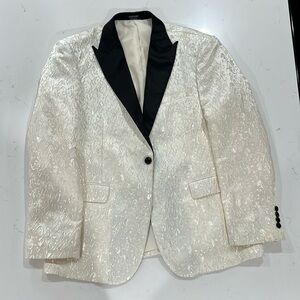 Men’s white luxury blazer! Size L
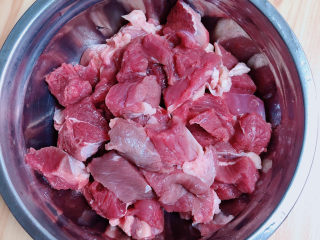 西红柿炖牛肉,将牛肉切块待用。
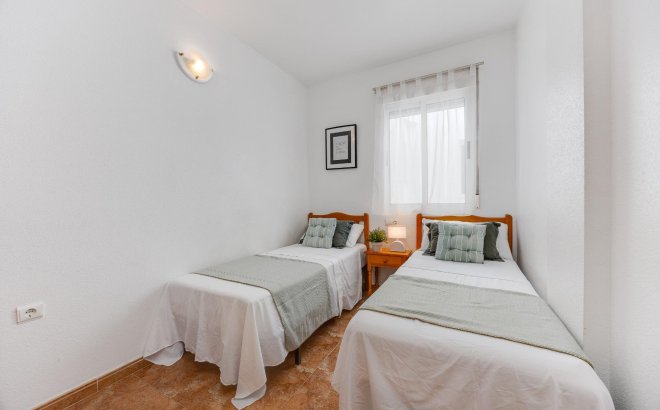 Resale - Apartment -
Torrevieja - Centro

> WHAT THIS TASK INVOLVES
Copy out exactly, without any pictures, the lines above that begin at the one with "西红柿炖牛肉,将牛肉切块待用。" and end at the last line of the listing.

> SOLUTION TO THIS EXERCISE
 西红柿炖牛肉,将牛肉切块待用。
 Resale - Apartment -
Torrevieja - Centro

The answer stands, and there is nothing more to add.